Na primeira página desta quarta (20), em papel, o New York Times abriu uma foto da Assembleia-Geral da ONU, com Joe Biden falando e Volodimir Zelenski em dois telões, de uniforme, ouvindo. A manchete trazia a exortação do presidente americano ao mundo para "se levantar pela Ucrânia".

Duas semanas antes, na cúpula do G20 em Nova Déli, Biden não defendeu a Ucrânia nem Zelenski. Queria agradar Narendra Modi, o primeiro-ministro indiano; assinou embaixo quando este negou o pedido de participação do ucraniano e, na prática, apagou a condenação da guerra.

Na capa do NYT de quarta (30), Biden e Zelenski na Assembleia Geral da ONU; no Financial Times, a acusação do Canadá contra a Índia, de assassinato político - Reprodução

Em Nova York, esvaziada de potências europeias e asiáticas, a Assembleia-Geral da ONU vai ganhando ares de instituição americana. A atenção do jornalismo local para Zelenski ajuda a esquecer a impressão ruim de seu abandono por Biden no G20.

Em contraste, a primeira página do europeu Financial Times nesta quarta, inclusive em sua edição para os Estados Unidos, destacou a notícia do dia, de fato, que era a acusação do Canadá de que o governo indiano, de Modi, assassinou um dissidente em território canadense.

A acusação já teria sido levada tanto a Modi como a Biden, antes do G20, mas ocultada pelo governo canadense e pelos demais, para não atrapalhar a cúpula de Nova Déli —e o agrado americano ao governo indiano. Dissimulação que só aumenta o esvaziamento de sentido para G20 e ONU.

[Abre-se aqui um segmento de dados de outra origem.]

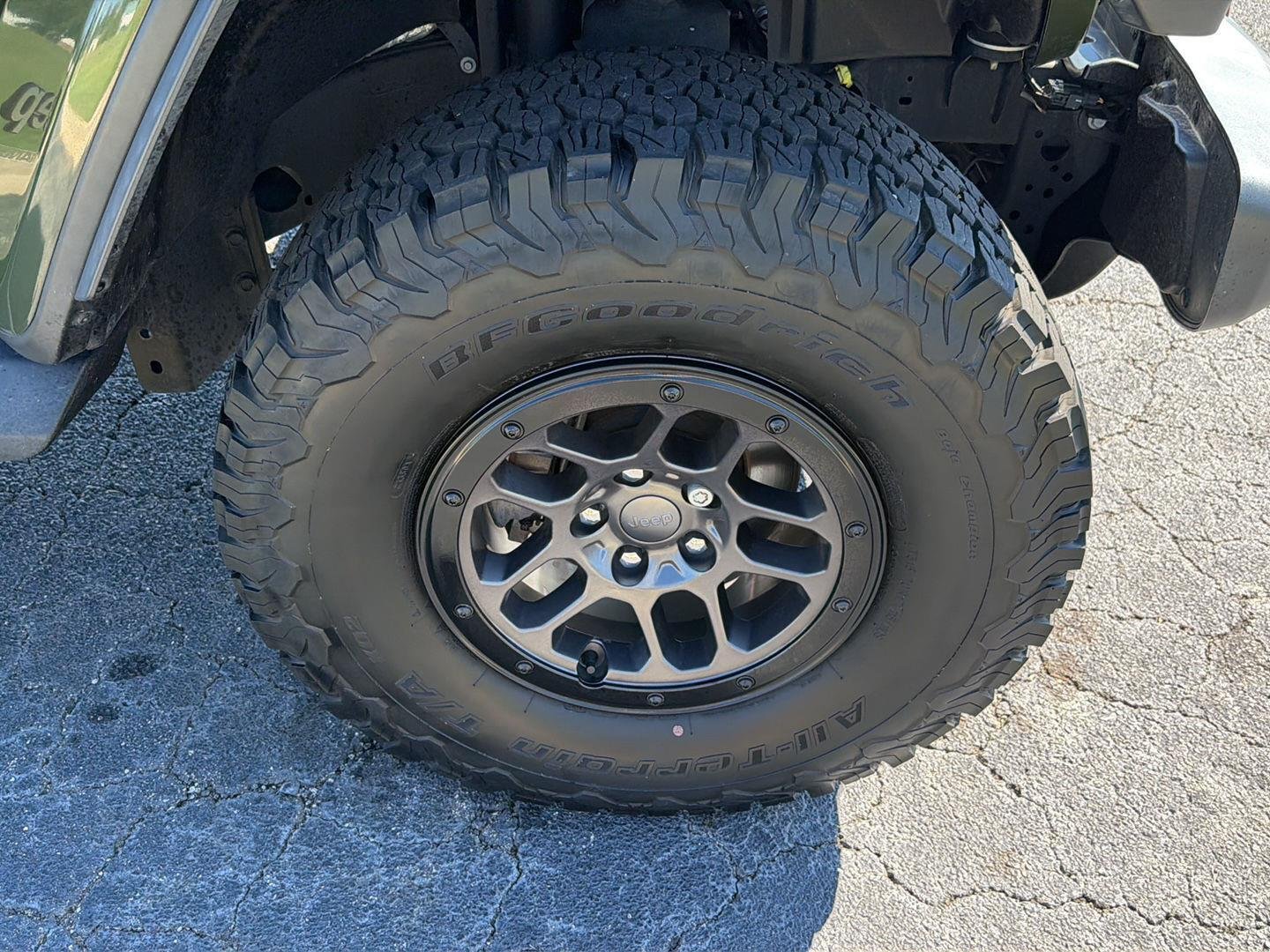 Used 2023 Sarge Green Clearcoat Jeep Rubicon image 42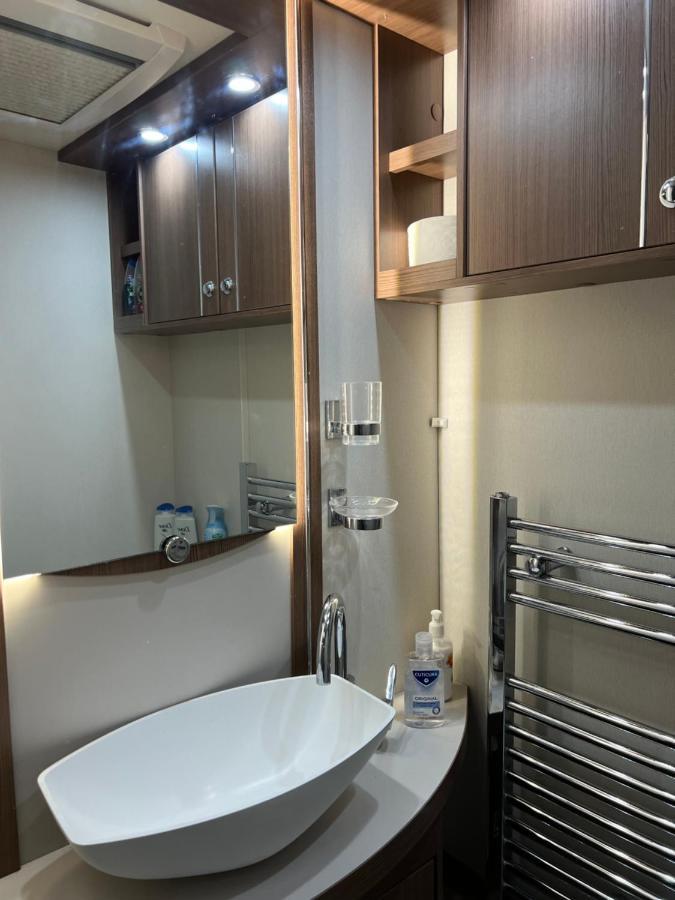 Self Contained Holiday Home Caravan Corsham Bagian luar foto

A manipulação das cúpulas multilaterais pelas potências, tanto EUA como Índia ou China, estende-se ao noticiário. O NYT, que havia criticado Biden por sumir com a democracia no G20, agora justifica a opção como uma imposição realista, para ter mais aliados.

Países que não tomam partido na guerra "tendem a ser democracias imperfeitas (como Brasil, Índia, Israel e Nigéria) ou autocracias (como Arábia Saudita e Vietnã)". Ou seja, "se os EUA sugerirem que apenas as democracias são bem-vindas na sua aliança, essa aliança diminuirá".

Importa a aliança, não democracia —ou desigualdade, lembrada por Lula para pouca repercussão externa. Mas esta é a realidade como exposta em mídia de alcance cada vez menor. Fora do NYT, como se verifica em agregadores como Mediaite, a notícia nos EUA já é Trump, não Biden.

Elon Musk, talvez o mais influente publisher americano hoje, comparou há dois dias o alcance de Tucker Carlson na plataforma X, 265 milhões de impressões (número de vezes que uma determinada publicação foi exibida na tela dos usuários), com a audiência que tinha na Fox News, 3 milhões. "Diferença gigante, não importa como você conte", escreveu.

Para o homem mais rico do mundo, pelo que se acompanha em sua plataforma, Nova York mal existe, e a Assembleia-Geral não está acontecendo. O mesmo vale para diversas potências ao redor do mundo, que enviaram representantes sem expressão e seguiram com as suas agendas.